- Materials provided:
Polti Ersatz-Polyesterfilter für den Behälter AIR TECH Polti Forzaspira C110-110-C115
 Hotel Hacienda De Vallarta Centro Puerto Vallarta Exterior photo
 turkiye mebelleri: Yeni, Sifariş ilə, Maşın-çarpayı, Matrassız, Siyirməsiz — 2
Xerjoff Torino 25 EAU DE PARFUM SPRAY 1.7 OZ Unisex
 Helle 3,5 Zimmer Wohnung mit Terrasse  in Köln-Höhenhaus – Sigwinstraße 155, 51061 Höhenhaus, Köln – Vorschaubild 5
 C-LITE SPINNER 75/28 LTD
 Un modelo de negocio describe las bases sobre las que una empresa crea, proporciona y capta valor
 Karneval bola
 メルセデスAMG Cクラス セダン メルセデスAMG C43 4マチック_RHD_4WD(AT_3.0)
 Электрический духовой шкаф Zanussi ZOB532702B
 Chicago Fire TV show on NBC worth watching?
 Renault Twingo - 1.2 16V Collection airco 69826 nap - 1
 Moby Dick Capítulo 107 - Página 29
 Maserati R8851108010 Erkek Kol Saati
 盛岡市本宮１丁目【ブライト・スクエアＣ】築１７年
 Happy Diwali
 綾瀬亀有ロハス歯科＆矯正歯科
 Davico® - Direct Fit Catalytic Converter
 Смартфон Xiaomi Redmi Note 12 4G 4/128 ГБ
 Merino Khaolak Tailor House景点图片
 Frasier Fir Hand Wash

- How to complete this task: Transcribe the material above in its entirety, precisely as written.

- Written reply:
Polti Ersatz-Polyesterfilter für den Behälter AIR TECH Polti Forzaspira C110-110-C115
 Hotel Hacienda De Vallarta Centro Puerto Vallarta Exterior photo
 turkiye mebelleri: Yeni, Sifariş ilə, Maşın-çarpayı, Matrassız, Siyirməsiz — 2
Xerjoff Torino 25 EAU DE PARFUM SPRAY 1.7 OZ Unisex
 Helle 3,5 Zimmer Wohnung mit Terrasse  in Köln-Höhenhaus – Sigwinstraße 155, 51061 Höhenhaus, Köln – Vorschaubild 5
 C-LITE SPINNER 75/28 LTD
 Un modelo de negocio describe las bases sobre las que una empresa crea, proporciona y capta valor
 Karneval bola
 メルセデスAMG Cクラス セダン メルセデスAMG C43 4マチック_RHD_4WD(AT_3.0)
 Электрический духовой шкаф Zanussi ZOB532702B
 Chicago Fire TV show on NBC worth watching?
 Renault Twingo - 1.2 16V Collection airco 69826 nap - 1
 Moby Dick Capítulo 107 - Página 29
 Maserati R8851108010 Erkek Kol Saati
 盛岡市本宮１丁目【ブライト・スクエアＣ】築１７年
 Happy Diwali
 綾瀬亀有ロハス歯科＆矯正歯科
 Davico® - Direct Fit Catalytic Converter
 Смартфон Xiaomi Redmi Note 12 4G 4/128 ГБ
 Merino Khaolak Tailor House景点图片
 Frasier Fir Hand Wash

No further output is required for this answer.